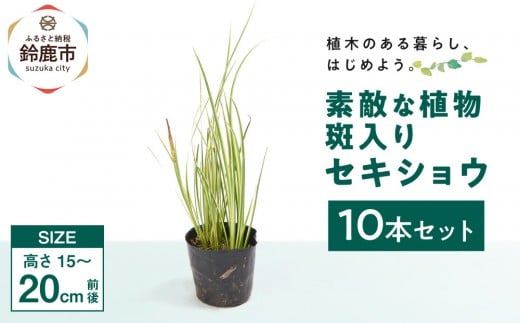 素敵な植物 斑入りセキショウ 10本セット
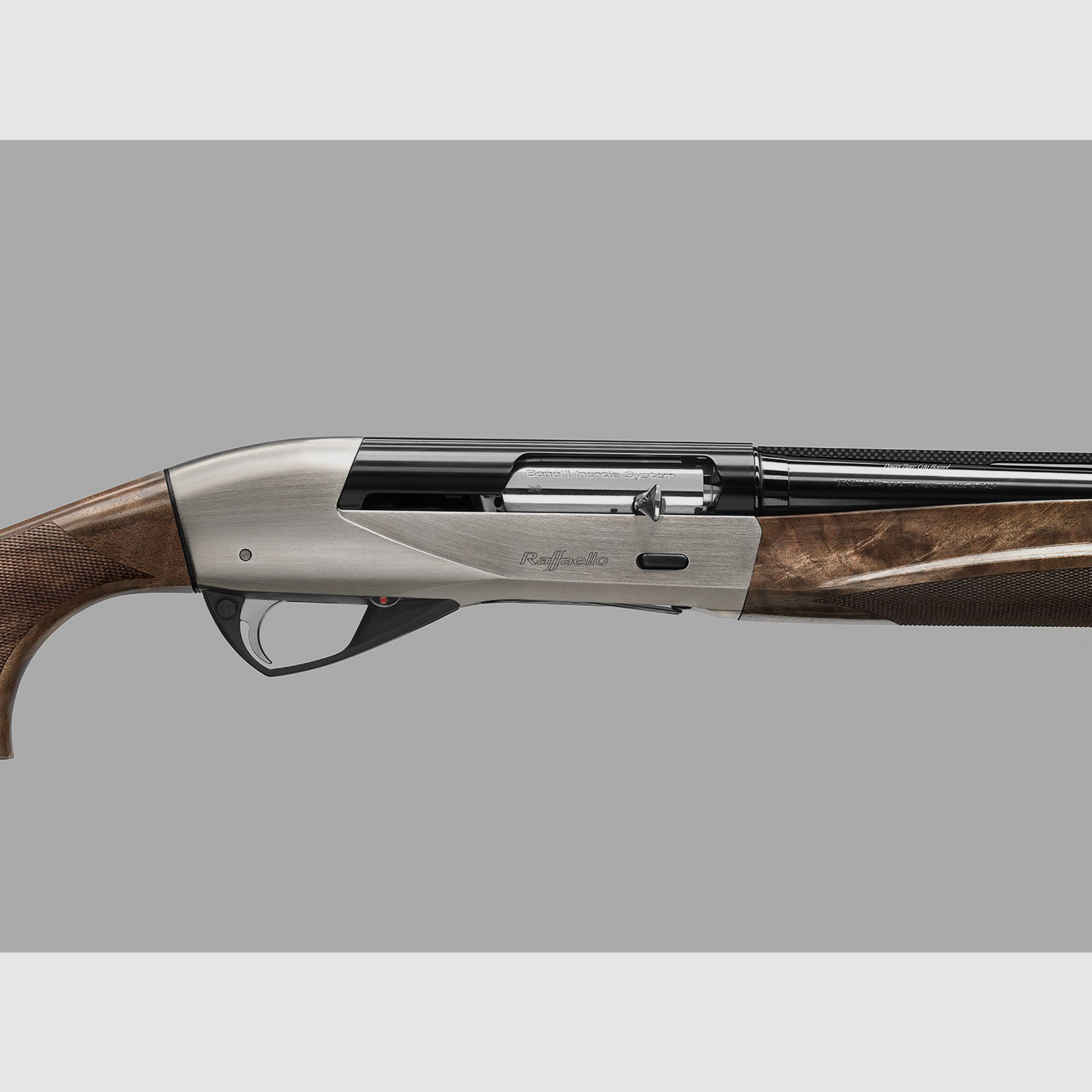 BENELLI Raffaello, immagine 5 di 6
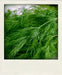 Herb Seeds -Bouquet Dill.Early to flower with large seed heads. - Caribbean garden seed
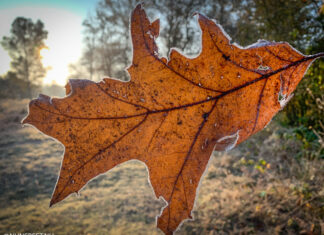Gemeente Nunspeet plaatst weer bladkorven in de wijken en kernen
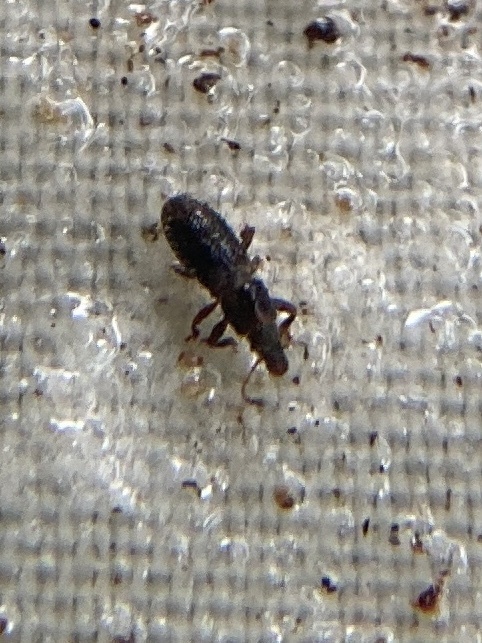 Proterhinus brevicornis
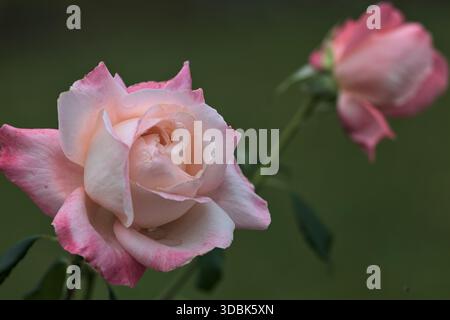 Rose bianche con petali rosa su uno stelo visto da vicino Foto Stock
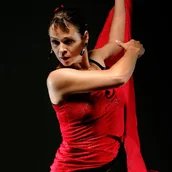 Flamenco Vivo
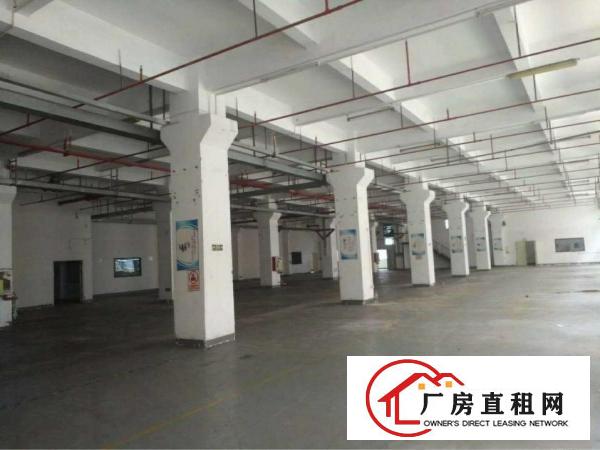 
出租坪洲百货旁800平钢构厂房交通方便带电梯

+---+

What you are asked to do: Copy out only the lines beginning at the line with "Rose bianche con" and ending at the last line of the entries. Keep them exact; drop pictures.

Solution for this task:
 Rose bianche con petali rosa su uno stelo visto da vicino Foto Stock
 Flamenco Vivo
出租坪洲百货旁800平钢构厂房交通方便带电梯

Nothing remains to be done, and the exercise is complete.